According to Professor Xiong Xiang of the Institute of Powder Metallurgy of Central South University's Institute of Powder Metallurgy (IPM), hypersonic flight is defined as a flight speed that is at least 6120 km/h, or 5 times faster than the speed of the sound. With such high speeds, the flight between Beijing and New York could be completed in just 2 hours if the aircraft's key structural components can handle severe air friction as well as hot air impacts of 2000-3000 degrees Celsius. . Central South University has developed ceramic composites and coatings for ultra-high temperatures that provide better protection of the above components. The world's very first synthesis of a single-phase quaternary boron carbide ultra-high-temperature ceramic material has been reported. This coating is a perfect "fusion" between carbon-carbon. The current focus of research in the area of new materials is on the mixed materials of binary compound system. The successful application of materials quaternary to hypersonic will be greatly facilitated by its development.

The novel ceramic coated modified carbon/carbon material is composed by a single-phase carbide of zirconium (quarterary), titanium, carbon, and boron.
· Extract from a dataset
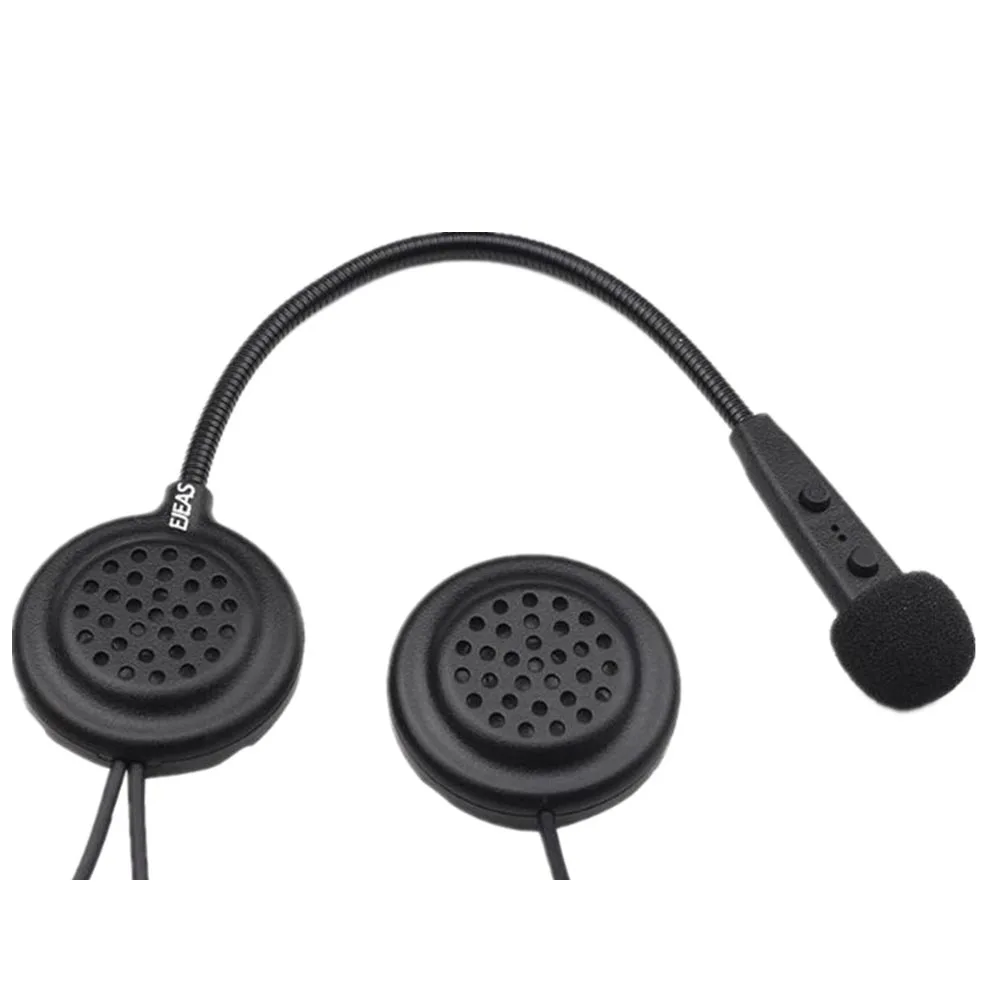 Шлем Bluetooth гарнитура Interfone 15 м CSR чип 270 мАч 12 часов разговора микрофон динамик MP3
It has a stable carbide-crystal structure. Infiltration of a multiceramic phase is the main method for obtaining it. The ultra high temperature ceramic combines the high-temperature adaptability of carbides and the anti-oxidation property of borides. This makes the coatings, composites and materials exhibit superior ablation and thermal shock resistance. The ceramic oxide can withstand an ultra-high temperature of 3000 degC and has low oxygen diffusion rates, self-healing properties at high temperatures, dense ceramic coatings, and gradient structures. It also exhibits a lower material content than other ceramic systems. Ablation loss rate.
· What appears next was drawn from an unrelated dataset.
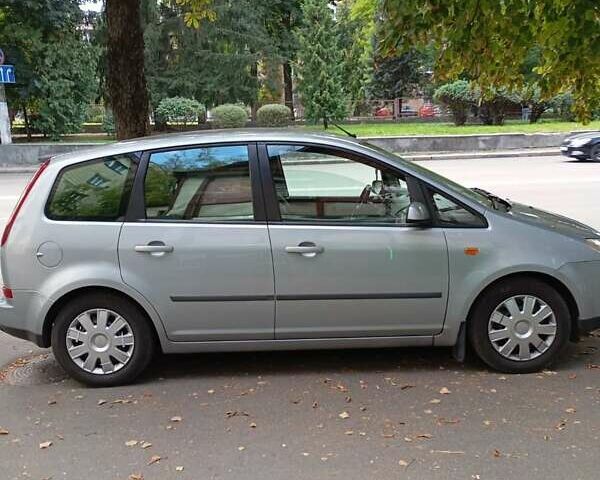 Сірий Форд Focus C-Max, об'ємом двигуна 1.8 л та пробігом 240 тис. км за 4500 $, фото 8 на Automoto.ua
"Because the ultra-high-temperature ceramic combines carbide's high temperature adaptability with boride's anti-oxidation property, the coatings and materials above have superior ablation and thermal shock resistance. This is essential for hypersonic cars. Xiong Xiang said that the promising candidates were for the parts.

Nature Communications published on 15 June the results of research conducted by the team. The State Key Laboratory of Powder Metallurgy of Central South University was the first unit to complete the thesis. Zeng Yi and Professor Xiong Xiang are the first correspondents. First author is the doctor. The University of Manchester (UK), a partner unit of the University of Manchester, UK characterized the material and performed an analysis.
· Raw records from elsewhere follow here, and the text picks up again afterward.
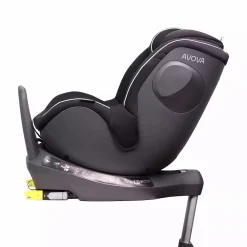 Sperber-Fix i-Size Pearl Black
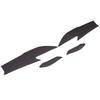4x Car blackened TPU lamp film headlight protective film Suitable for BMW 5 Series G60 2024+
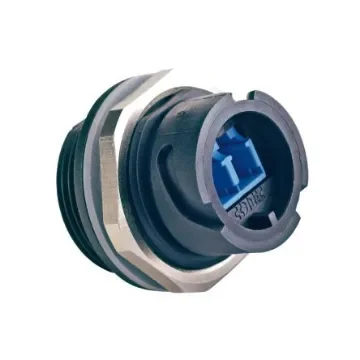 IP67 Duplex LC Receptacle Kit - 17-300230 product image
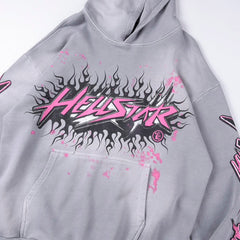 Hellstar Brainwashed Hoodies Without Brain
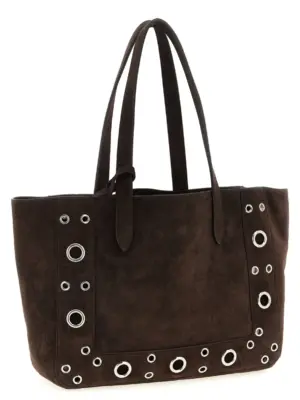 Valentino Garavani 'Nellcôte' medium shopping bag W2B0R88JET0TO VALENTINO GARAVANI Brown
After publication, the article attracted a great deal of interest from the foreign media and academic circles. In the three days immediately following publication, this article was downloaded over 5,000-times, while other articles were only downloaded 300 to 900-times. The Daily Mail in Britain, The Economist in the United States and Public Machinery (Russia) have all covered the research. . According to the reviewer in Nature Newsletter, the above research results "will ignite the academic excitement and interest in applying quaternary materials in hypersonic fields, because this material system represents a promising one."

The team has been working on anti-oxidation coatings for carbon/carbon composites since 2002. This was done with the help of the National 863 and 973, as well as the National Natural Science Foundation. Professor Chang Xiang is the leader of this project. Find a new ultra high temperature ceramic coating that has excellent oxidation resistance, and resistance to ablation. During the research, the material systems screened, from the initial silica carbide to strontium carbide (and then titanium carbide), zirconium carbonate, zirconium boreide, tantalum carbide and other hundreds of high temperature materials, involved almost all existing ultra-high-temperature ceramics and composites. It has taken 15 years to achieve the breakthrough of developing new ablation-resistant coatings in 3000 degC ultra high temperature environment.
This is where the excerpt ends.